(6 hours ago)RiskyRob Wrote:
(8 hours ago)Below Average Genius Wrote: Isn't Tesla run by the same guy who plans to put 12,000 satellites into the air to talk to your phone and your car?
There ain't nothing like having a purple-haired, potentially triggered programmer taking the wheel of your car.
As you're driving down the road or stopped at a light, look at the driver next to you. Would you want them controlling your steering wheel and gas pedal? Me neither. But some latte sippin' skinny jean wearin' guy with a $50,000 student loan bearing down on him would be okay?
If you ever got your car back from the kook, it would be fitted with 78 rpm turntables!
I jus' wanna hug you right now! Do you know why? "Cuz I just set up a second turntable.

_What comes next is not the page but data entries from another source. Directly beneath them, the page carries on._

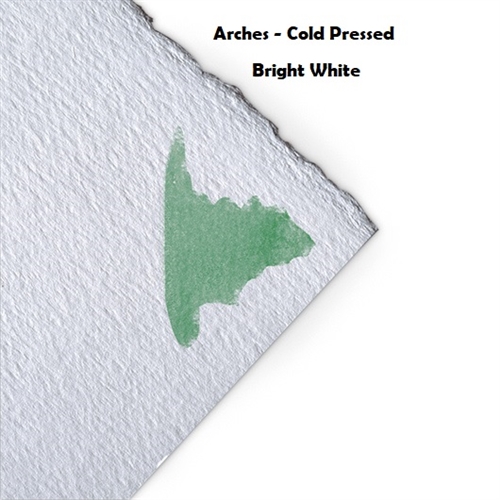 WATERCOLOR PAPER ARCHES 140 LB/300 g/m2 - COLD PRESS 22X30 inches BRIGHT  WHITE AP1795040
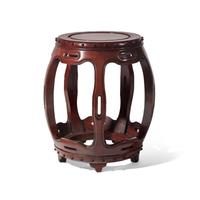 Five Chinese Hardwood Barrel-Form Stools, 20th Century 近代 硬木坐墩一組五只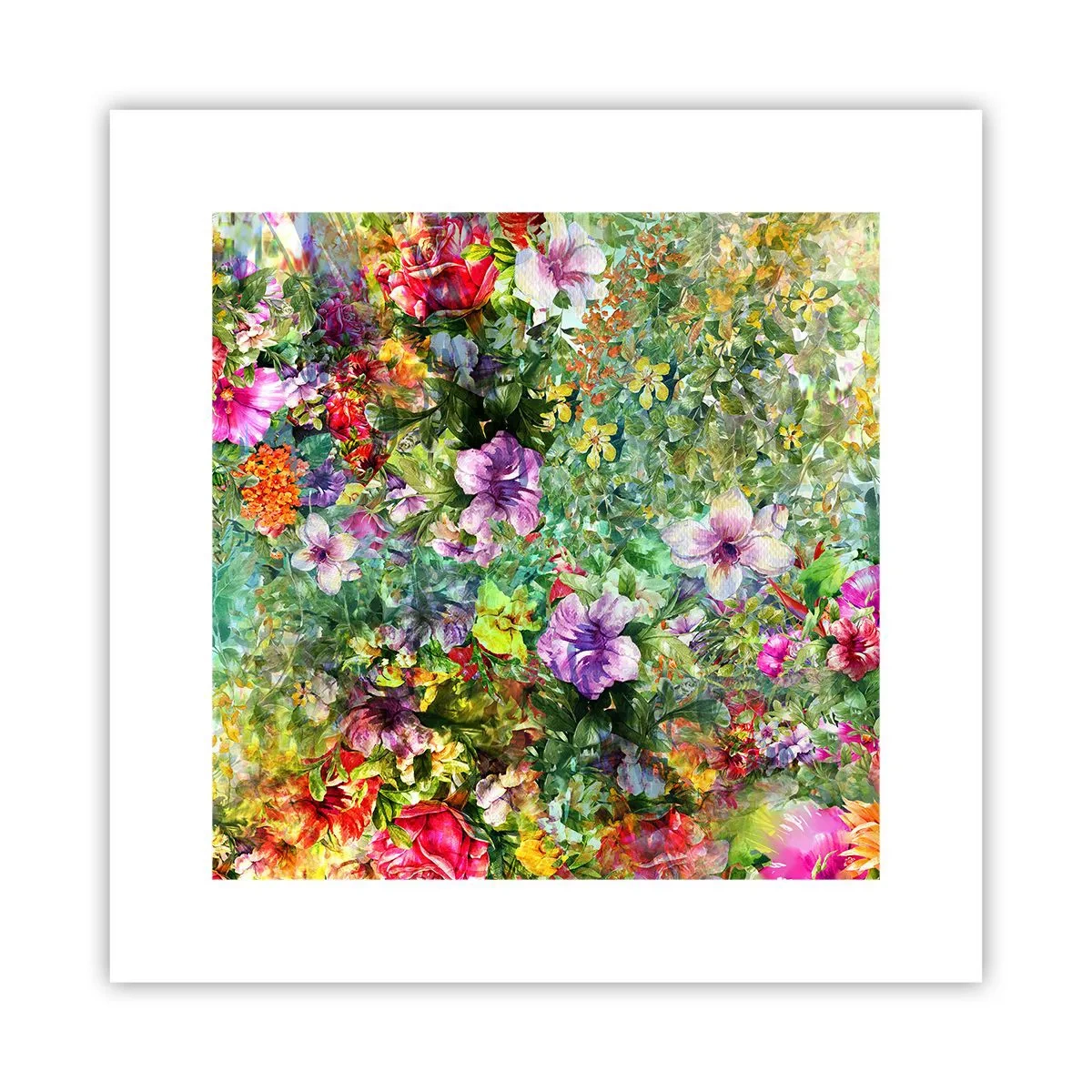 Poster - In bloemen voor verderf - 30x30 cm
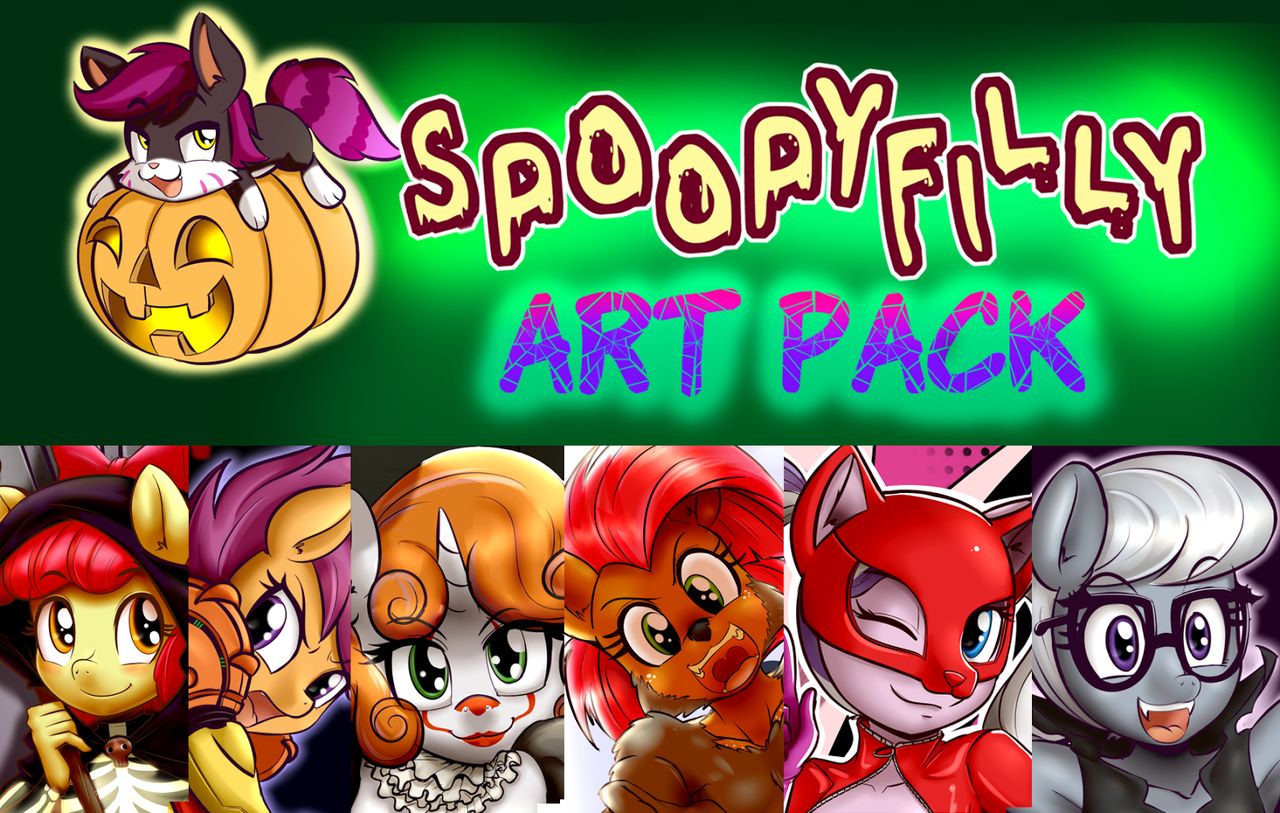 Spoopyfilly Art Pack page 1 full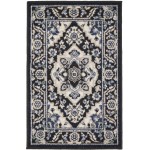 Nourison Passion PSN33 Area Rug, Black/Ivory, 1'10" x 2'10"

The first one has a total of 5 Whirling Bliss machines and an orgone pyramid riding atop the center. The most recent addition has seven Machines on the outside and one in the middle plus a Golden Fire Activator 3.0. The Activator is about 4-5 inches high, and made of copper, and looks like a Gold Crown. The new Victrola looks like it is rotating faster than the first one. (Maybe the outside ring of Bliss Machines is wider.)
The two units have only been configured and running like that for a few minutes now, but I feel so good that it's like you could almost borrow money from me with no credit check. lol It really is remarkable because two days ago, it felt like the telecom companies were testing their 5G that they've been installing for the last six months. I felt like crap - no energy and cold shins.
Back in the late sixties we thought the secret to life was a non ending stash of hash hish
and some blacklight posters. Little did we know that the real secret to life is a Victrola in perpetual motion!
This experience with just two makes me want to get a van so bad with six or eight Victrolas rigged up. I'd roll on down the road in front of your house, and you'd start to feel so good, you'd come running out the door and offer me whatever price I asked just so you could take a spin around the block!
As we rolled down the road, sexy women like Octo (well maybe not that sexy) would come rushing out their doors as if we were the ice cream man! That's when you'd give me a 50% tip. Then you'd apologize and say you'd tip me 100% but since you got ED the whole experience is bittersweet. And I'd say, "Pay for another trip around the block, and you'll be healed of your affliction!"